The api-appserver cluster has been overwhelmed with expensive parsoid-batch calls from particular pages, resulting in brownouts and frontend availability at ~97%.

Impact

The mediawiki API has suffered the most impact, with internal services and external API users impacted as well. See API frontend graph, the slowdown was severe enough that a depression in request rates was observed.

Detection

Alerts for appservers "high CPU" went off on IRC during brownouts through the first half of the day (6-12 UTC) followed by general widespread alerts for affected internal systems (restbase, recommendation, mobileapps alerts went off) starting around 15 UTC

Timeline

All times in UTC.

7:00 / 9:30 / 12:30 / 13.00 High CPU load API appservers alerts and recoveries for brownouts, no widespread impact
13:25 investigation on the general issue begins
13:45 weights of mw12[23].* found not to be aligned with the rest of the fleet and fixed
14:50 High CPU load on API appservers start coming in again, this time more severe and affecting other services
14:54 Low HTTP availability alerts fire, together with recommendation_api, restbase, mobileapps
14:55 Investigation on the ongoing incident begins
15:02 Recoveries start coming in by themselves, and investigation continues
15:34 Offending page identified as one on itwiki using Lua, and requested by Google's rest api crawler

Conclusions

API appservers are susceptible to storms of many long-running parsoid-batch requests, in particular external requests which end up exhausting the cluster's resources and affecting all API users.

What went well?

An outage condition was identified quickly, and investigation began quickly.

What went poorly?

Identifying the expensive API calls could have been faster.
Unbounded parallelism of expensive API calls must be limited, both in rate and concurrency. Internal update requests like this from Change-Prop are both rate-limited and blacklisted automatically if the rate of errors is too high, but external requests are not.
I (Ppchelko) assume that Varnish would attempt to retry a request on timeout, which in turn multiplies the load.

Where did we get lucky?

The cluster recovered by itself once requests ended and recovery has been fast.

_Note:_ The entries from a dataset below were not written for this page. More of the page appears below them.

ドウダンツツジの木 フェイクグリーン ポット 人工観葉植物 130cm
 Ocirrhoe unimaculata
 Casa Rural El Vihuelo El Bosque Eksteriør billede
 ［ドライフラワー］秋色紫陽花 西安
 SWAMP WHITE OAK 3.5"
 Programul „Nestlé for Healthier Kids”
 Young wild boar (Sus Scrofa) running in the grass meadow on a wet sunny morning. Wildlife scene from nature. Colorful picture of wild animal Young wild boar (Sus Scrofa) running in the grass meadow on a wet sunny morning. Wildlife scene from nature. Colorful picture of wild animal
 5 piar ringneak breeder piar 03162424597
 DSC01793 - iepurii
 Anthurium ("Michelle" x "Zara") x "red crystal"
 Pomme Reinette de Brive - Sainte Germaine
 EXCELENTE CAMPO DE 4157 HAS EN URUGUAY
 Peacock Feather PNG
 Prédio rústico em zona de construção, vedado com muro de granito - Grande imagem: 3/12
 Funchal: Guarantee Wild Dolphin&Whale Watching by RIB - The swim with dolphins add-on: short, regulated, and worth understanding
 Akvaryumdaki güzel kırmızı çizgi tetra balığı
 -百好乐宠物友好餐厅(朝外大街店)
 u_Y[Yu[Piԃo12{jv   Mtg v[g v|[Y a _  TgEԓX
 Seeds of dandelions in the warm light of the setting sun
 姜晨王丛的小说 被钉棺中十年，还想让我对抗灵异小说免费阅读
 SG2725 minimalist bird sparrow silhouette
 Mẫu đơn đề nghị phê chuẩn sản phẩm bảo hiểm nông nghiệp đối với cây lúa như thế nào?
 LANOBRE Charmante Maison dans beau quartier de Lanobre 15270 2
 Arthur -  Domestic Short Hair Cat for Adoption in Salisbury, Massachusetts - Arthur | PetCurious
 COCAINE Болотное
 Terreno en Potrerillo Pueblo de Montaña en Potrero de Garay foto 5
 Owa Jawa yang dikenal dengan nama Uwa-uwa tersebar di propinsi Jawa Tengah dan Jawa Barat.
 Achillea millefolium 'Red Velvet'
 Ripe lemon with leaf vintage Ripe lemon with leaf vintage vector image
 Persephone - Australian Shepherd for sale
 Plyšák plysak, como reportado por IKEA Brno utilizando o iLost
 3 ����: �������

Links to relevant documentation

Where is the documentation that someone responding to this alert should have (runbook, plus supporting docs). If that documentation does not exist, there should be an action item to create it.

Actionables

Explicit next steps to prevent this from happening again as much as possible, with Phabricator tasks linked for every step.

NOTE: Please add the #wikimedia-incident Phabricator project to these follow-up tasks and move them to the "follow-up/actionable" column.

Limit external requests concurrency/parallelism (bug T167906)
Icinga alerts for appserver high CPU should be less spammy (bug T228878)
Bigger idea: it would be nice if there was, aggregated across the whole cluster, some report available of what request types, users, user-agents, etc were using the most appserver CPU.
…